> What is needed:
Once the line containing "Koronavirüs günlerinde Sağlık" is found in the data below, repeat it and every later line exactly, leaving the pictures out.

┄┄┄┄┄┄┄┄┄┄

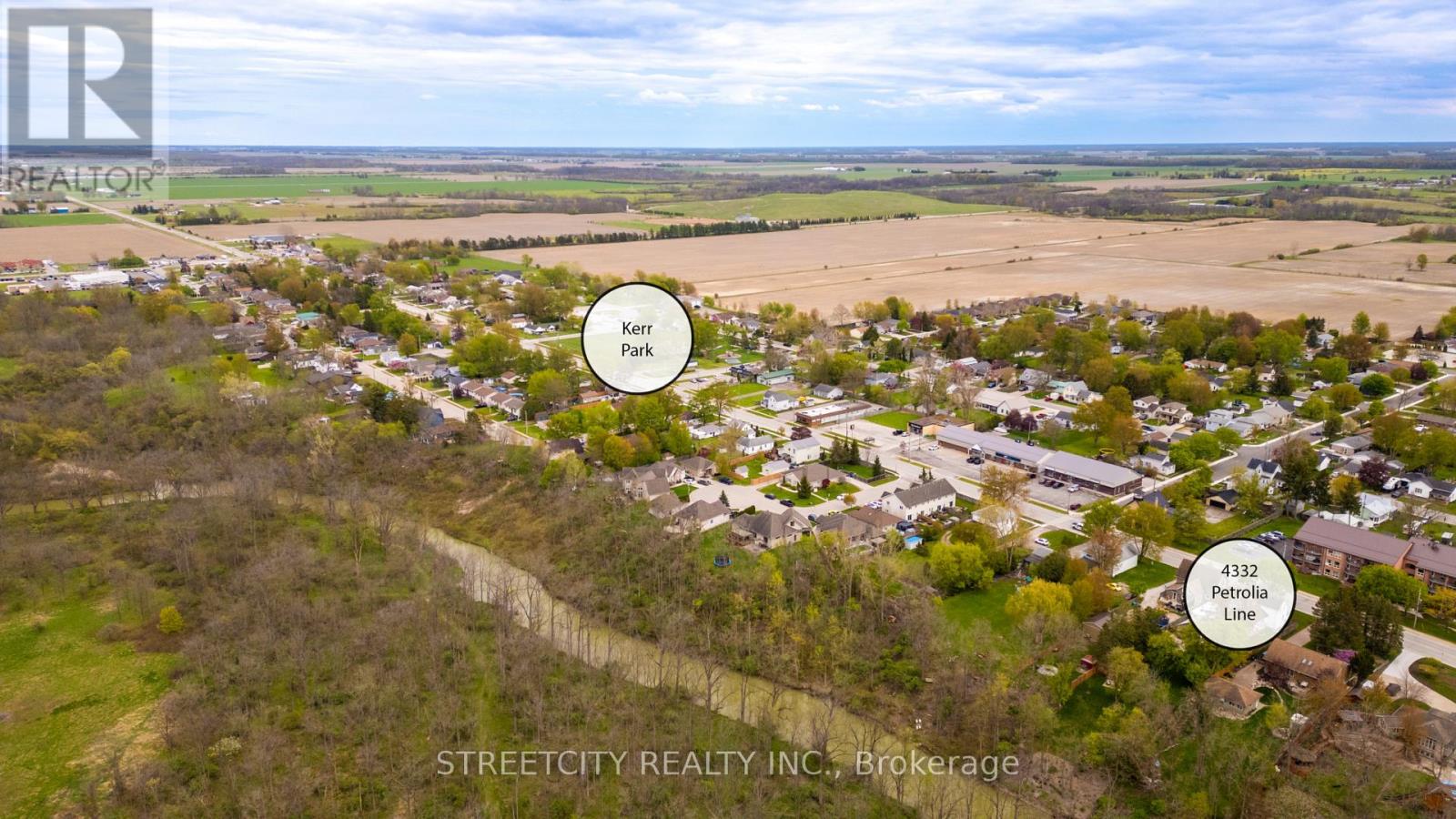 4332 Petrolia Line, Enniskillen, Ontario  N0N 1R0 - Photo 38 - X13098940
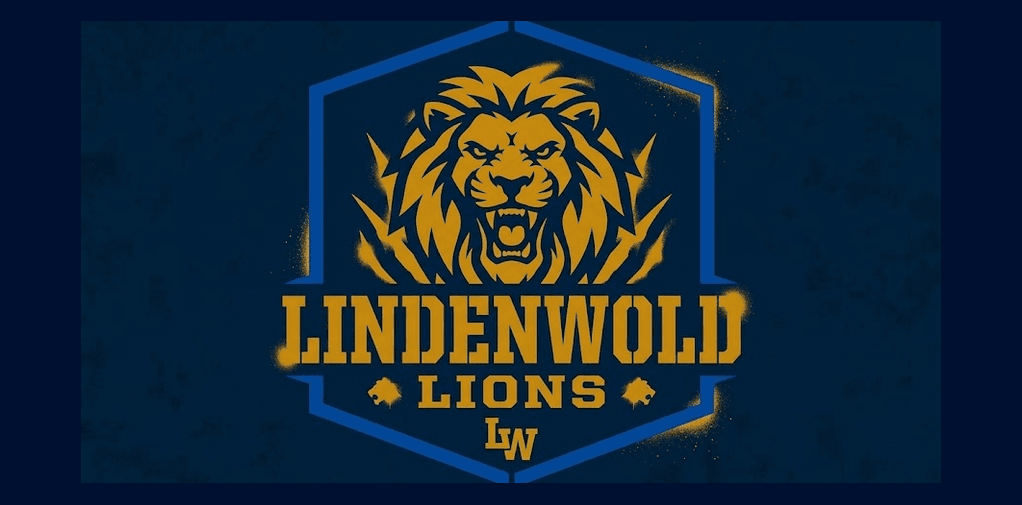 Lindenwold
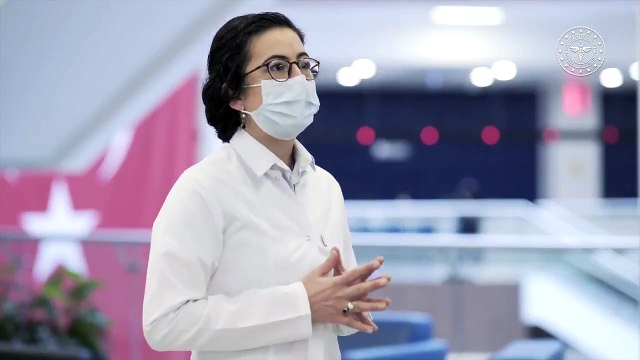 Koronavirüs günlerinde Sağlık Bakanlığı'ndan bilgilendirme videosu; 'filyasyon uygulaması nedir, aşamaları neler?'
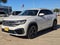2022 Volkswagen Atlas Cross Sport 2.0T SEL R-Line
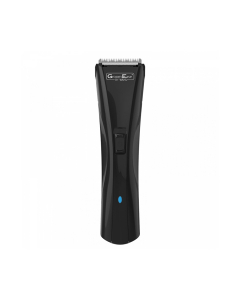 GroomEase Cord-Cordless Clipper 9698-417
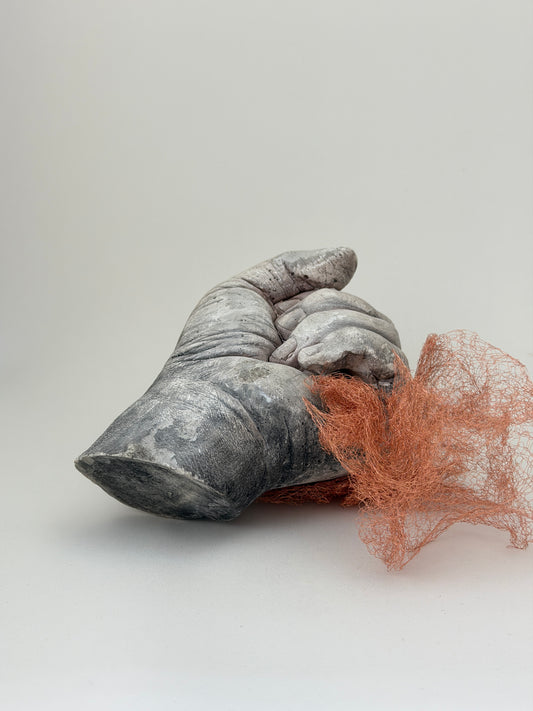 Kid Glove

┄┄┄┄┄┄┄┄┄┄

> Answer to this exercise:
 Koronavirüs günlerinde Sağlık Bakanlığı'ndan bilgilendirme videosu; 'filyasyon uygulaması nedir, aşamaları neler?'
2022 Volkswagen Atlas Cross Sport 2.0T SEL R-Line
 GroomEase Cord-Cordless Clipper 9698-417
 Kid Glove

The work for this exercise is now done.